00:11:23.560 For instance, every variable must adhere to type specifications in C, and we cannot afford the same level of dynamic behavior previously enjoyed.
00:11:38.840 Similarly, the constraints of inline caches—previously beneficial for performance—must now be adapted to suit native specifications.
00:11:50.720 In focusing on structures, we needed to rethink how to manage specific Ruby C structs. For instance, instead of relying on RBASIC, which would have required instantiating traditional C structures, we applied macros to interface directly with desired Ruby classes.
00:12:05.680 One such example arises with IO objects, where we also construct a pointing mechanism to facilitate access to the relevant C fields.
00:12:17.920 Moreover, the challenge involves bulk structures, like RB Encoding, part of Ruby's core, demanding specialized consideration during implementation.
00:12:31.000 Additionally, the use of inline caches has resurfaced as a notable tactic traditionally used in the Ruby environment.
00:12:45.960 Despite needing a redesign, this leveraging of caches along with the existing C methodology aligns neatly with optimal performance operational principles.
00:12:59.640 In summary, we have seen the evolution from interpreting and JIT compiling C code to running everything natively through a customizable toolchain.
00:13:14.160 This enables extensions to be utilized effectively while preserving valuable instructions found within the standard libraries.

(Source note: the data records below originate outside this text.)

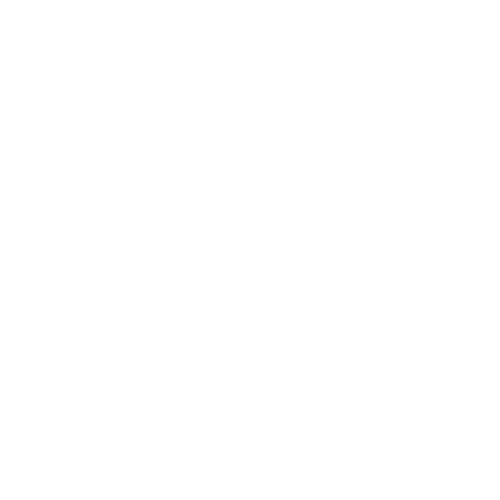 Abarrotes Foods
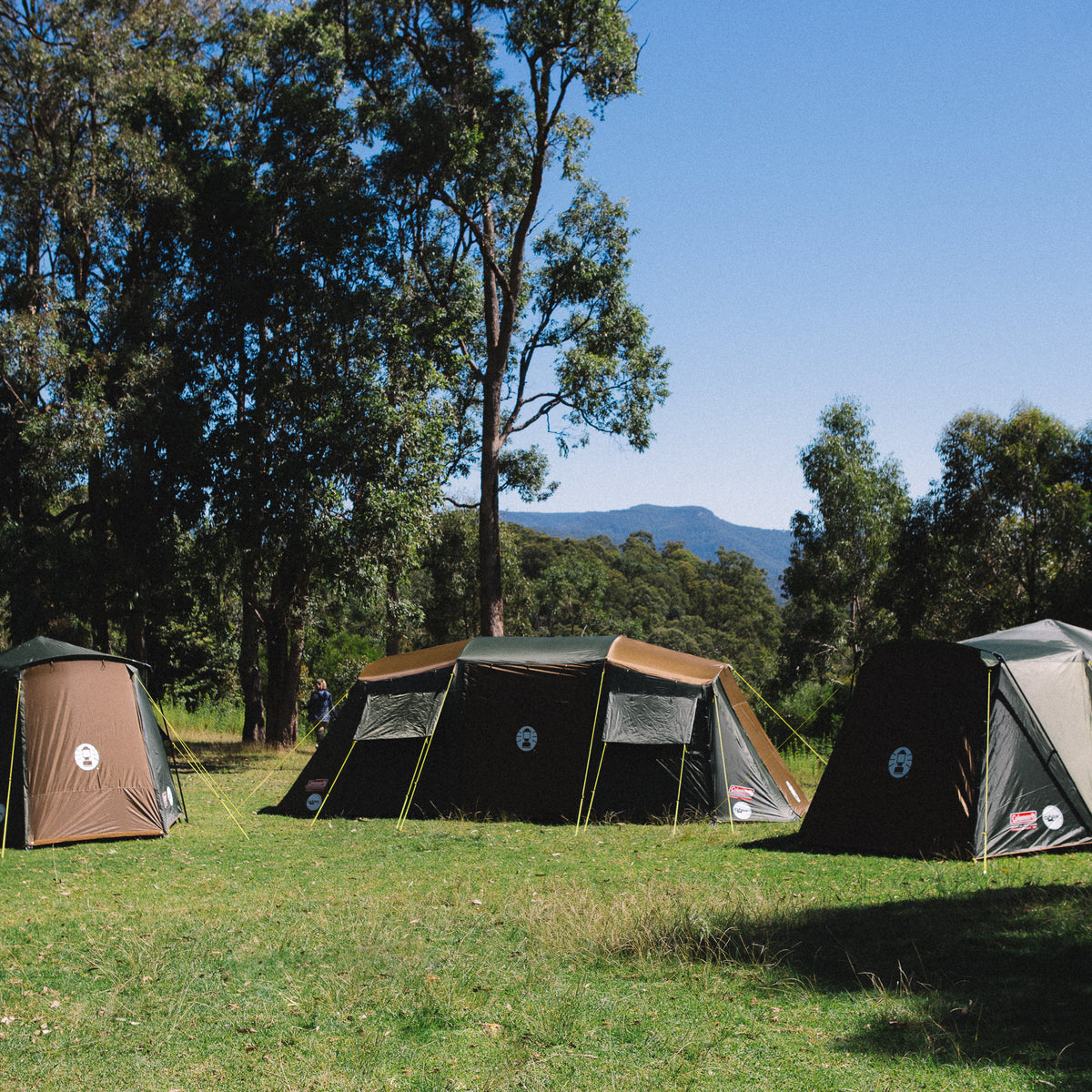 Coleman NZ Gold Series Tents BuiltIn LED Lighting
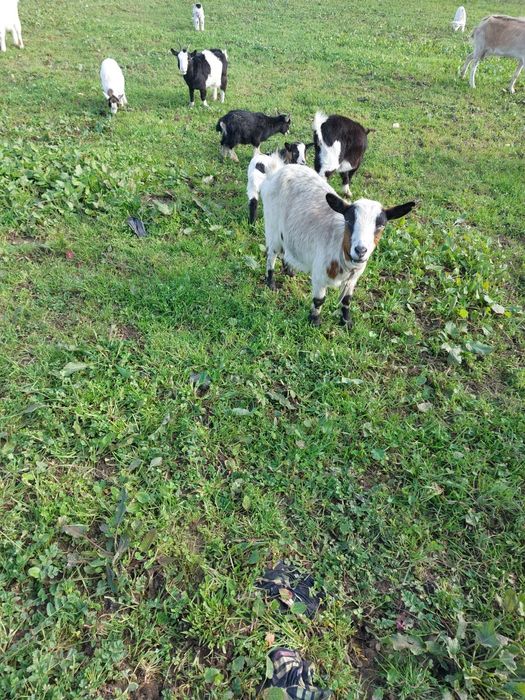 Cabras de raça ana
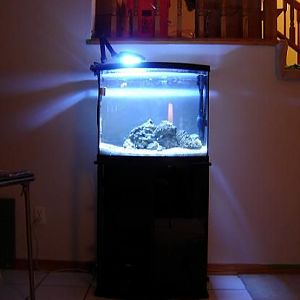 New tank - 26g bowfront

00:13:27.720 While the extension API still has its pitfalls—it’s immensely better than the CPython API, which exposes a significant number of structures.
00:13:39.800 Many developers realize that mutable design choices can contribute to stunted progress and performance.

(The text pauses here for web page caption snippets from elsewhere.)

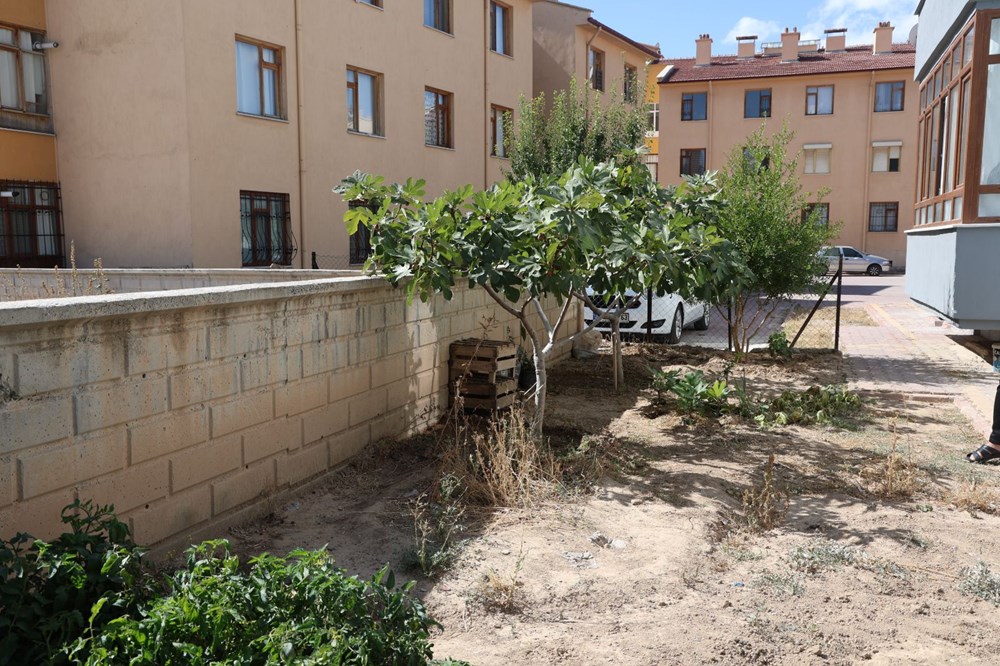 Konya'da yetişmesi zor olan meyveyi apartman bahçesinde yetiştirdi - 2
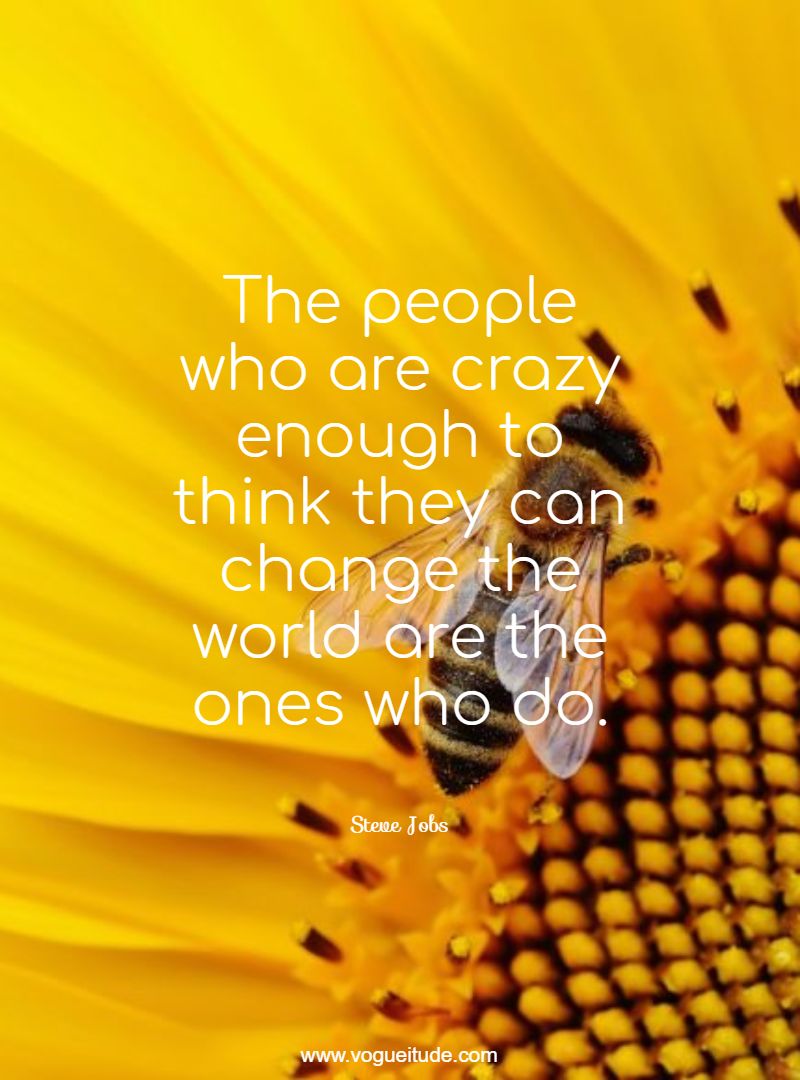 The people who are crazy enough to think they can change the world are the ones who do.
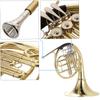 Bb Single French Horn 3 Key Brass Gold Lacquer Single-Row Split French Horn Wind Instrument with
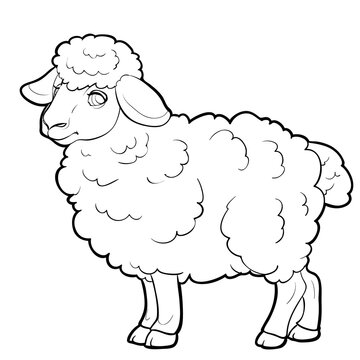 sheep sketch, farm, coloring, isolated object on a white background, vector illustration,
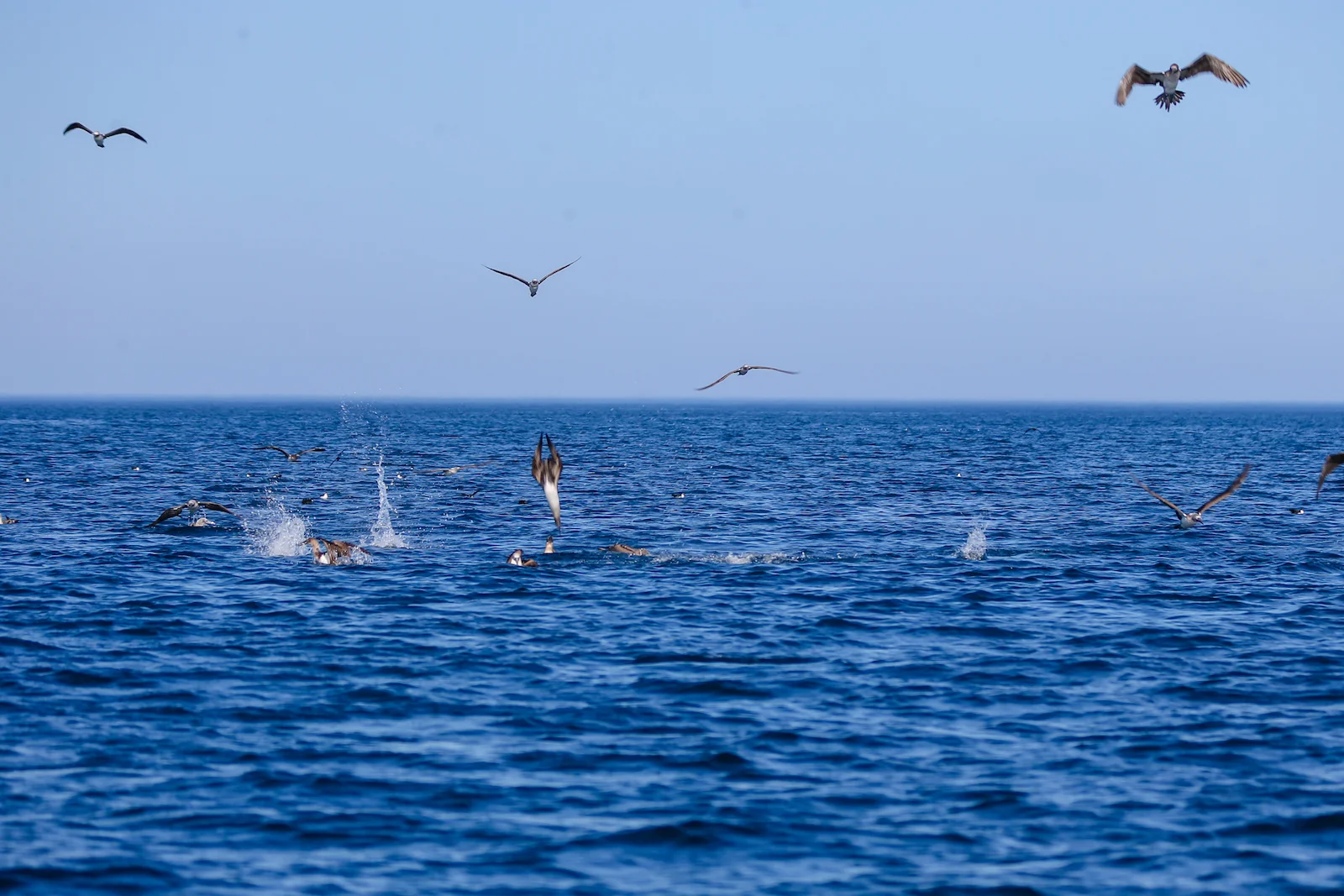 GALAPAGOS DAY 3 A-27.JPG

00:13:45.240 Therefore, ongoing research continues to explore strategies that combine the intuitiveness of C extensions with the flexibility of Ruby.
00:13:58.520 In conclusion, around 43% of the top 10,000 gems are dependent on gems with native extensions, underscoring the importance of supporting them for compatibility.
00:14:05.000 The Ruby extension API is flexible and can be implemented by alternative Ruby implementations.
00:14:12.520 Truffle Ruby initially approached it by JIT compiling C extensions, which provided many advantages.
00:14:19.560 We have now transitioned to running these natively, which yields different yet significant advantages.
00:14:26.680 Overall, the challenges faced by C extensions revolve around managing memory representation effectively.
00:14:32.760 With advancements in handling functional macros, we can refine and improve efficiencies further.
00:14:39.000 If any of you would like to experiment with Truffle Ruby, recent releases are available along with early access development builds.
00:14:45.520 Thank you for listening!